Para Friedman, que una empresa buscara otra cosa que el beneficio, era “socialismo puro y no adulterado”, y es lo que ha definido el capitalismo, especialmente el anglosajón, desde entones y sobre todo desde las desregulaciones de los años 80 del siglo pasado. Pero la friedmanía ha llegado a su extremo, a su paroxismo, no con la búsqueda del beneficio, sino con su maximización a toda costa, en provecho de los accionistas (muchos son fondos de inversión, incluidos de pensiones), y de las pagas para los gestores y consejos de administración. En el camino, se olvidaron otros propósitos (purpose en inglés) o finalidades. La empresa ha de velar por el provecho de sus accionistas, sí, pero también por los que comparten su quehacer y sus intereses, los stakeholders, desde los empleados a los consumidores de sus productos o servicios, las sociedades, el país y el mundo: los stakeholders frente a los shareholders (accionistas). La RSC está ya dando paso a una responsabilidad mucho más amplia: social, medioambiental, y de gobernanza.

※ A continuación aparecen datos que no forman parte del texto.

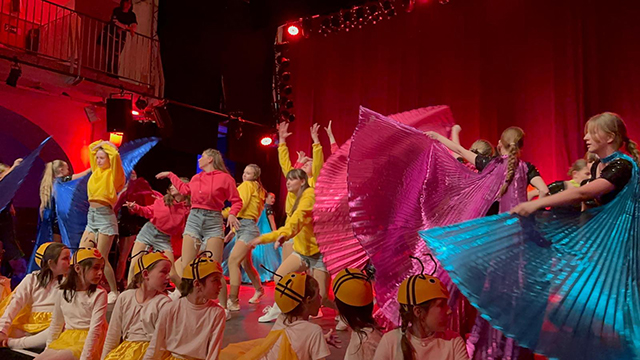 Winterzauber Revue im Volkbad Jena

Se acerca más a un concepto tan específicamente japonés como el de sampo-yoshi que implica que la empresa debe satisfacer y beneficiar a tres, al menos: al productor y vendedor, al comprador y a la sociedad en su conjunto.
Es un tema que ha estado muy presente la semana pasada en el Foro Económico Mundial en Davos, donde incluso se habló de cómo la Cuarta Revolución Industrial debe llevar a una Cuarta Revolución Social (que puede desbloquear 3,7 billones de dólares de valor económico hasta 2025). Larry Fink, presidente de la gran inversora Blackrock (6,3 billones de dólares de activos), ya lo advirtió en su carta a sus accionistas y CEOs de las empresas en las que invierte, el año pasado, cuando abogó por una misión social de estas empresas que han de dedicar más atención a sus empleados y a la innovación. De nuevo en su misiva a principios de 2019, ha señalado que “el propósito unifica a los gestores, empleados y comunidades. Impulsa el comportamiento ético y crea un control esencial de las acciones que van en contra de los mejores intereses de los stakeholders. El propósito guía la cultura, proporciona un marco para la toma de decisiones coherentes y, en última instancia, ayuda a mantener los rendimientos financieros a largo plazo para los accionistas de la empresa”.

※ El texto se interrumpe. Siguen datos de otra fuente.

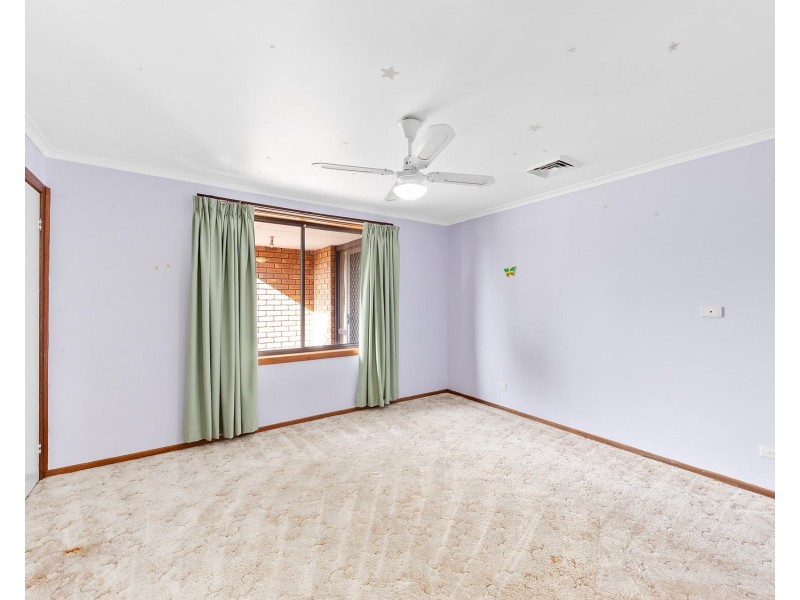 41 Angourie Crescent, Taylors Lakes VIC 3038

El beneficio es una pre-condición para algunos propósitos -por ejemplo para la independencia de un medio de comunicación, como este. Necesario, pero en ningún modo suficiente, sobre todo cuando hay una obsesión por su maximización a costa de otros elementos. “Hemos perdido la confianza en las corporaciones para cuidar de nuestros intereses”, estima Mayer, para el cual restablecerla “es uno de los temas más importante de nuestro tiempo”, pues “estamos en la frontera entre la creación y el cataclismo”. El subtitulo de su libro es “mejores negocios hacen mayor bien”. Mayer insiste en la idea de “propósitos”, y pide que las empresas los declaren públicamente. Aunque, claro, si el beneficio es cuantificable, los buenos propósitos, mucho menos. Y ¿qué decir de los malos, pues también se dan?

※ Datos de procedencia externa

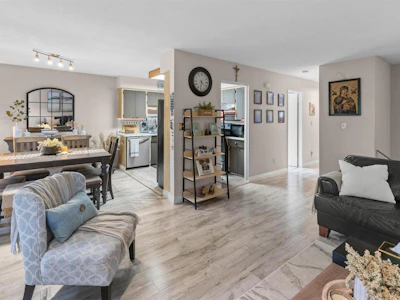 17-2998 Mouat Drive - 5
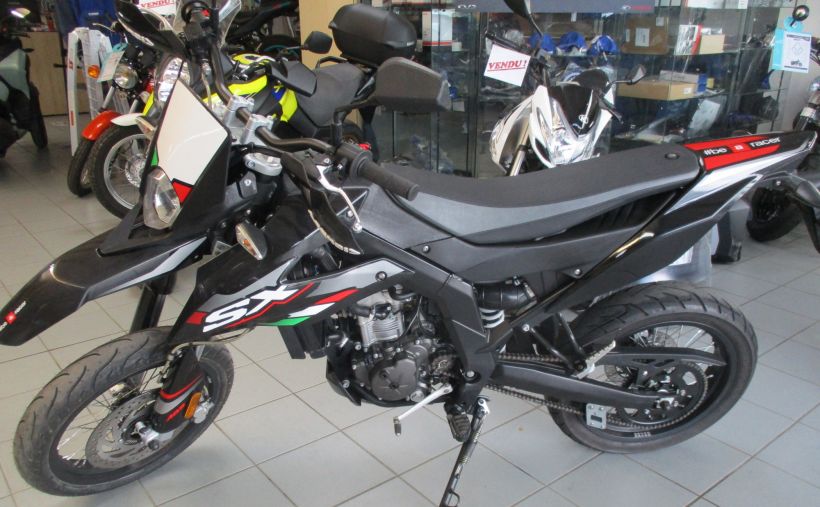 APRILIA SX 125 1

La izquierda debería tener una idea, una teoría de la empresa, más desarrollada. Y las empresas mirar a lo público con menos recelo, pues se aprovechan de ello. Dani Rodrik señala que “las empresas grandes y productivas tienen un papel crítico que desempeñar”, pero deben reconocer que su éxito depende de los bienes públicos que sus gobiernos nacionales y subnacionales suministran- todo, desde la ley y el orden y las normas de propiedad intelectual hasta la infraestructura y la inversión pública en habilidades e investigación y desarrollo. A cambio, deben invertir en sus comunidades locales, proveedores y mano de obra, no como responsabilidad social corporativa, sino como actividad principal. Claro que cada vez más bienes públicos (globales o no) se generan desde empresas privadas.
La empresa está en el centro y lo estará aún más, pues la cooperación público-privada va a ser aún más necesaria. Especialmente si como calcula el Banco Interamericano de Desarrollo a partir de los 30 años, un 80% de lo que se aprende, se aprende en el trabajo y se cumple el vaticinio del Foro Económico Mundial de que para 2022, todos deberemos dedicar a estudiar y a aprender cosas nuevas 101 días al año. Si a ello sumamos que la automatización y la Inteligencia Artificial -y por tanto el capital- están ya pesando más, el papel de las empresas y del capital se va a incrementar en la gestión de las transiciones en las que estamos inmersos. Aunque lo público seguirá pesando.
Todo lleva a repensar la empresa tras estos 50 años de prevalencia del pensamiento de Friedman, en unas condiciones y ante unos retos muy diferentes. Equivale a rediseñar el o los capitalismos. Como decíamos al principio, nada garantiza esta transformación. Pero el debate puede resultar creativo y positivo.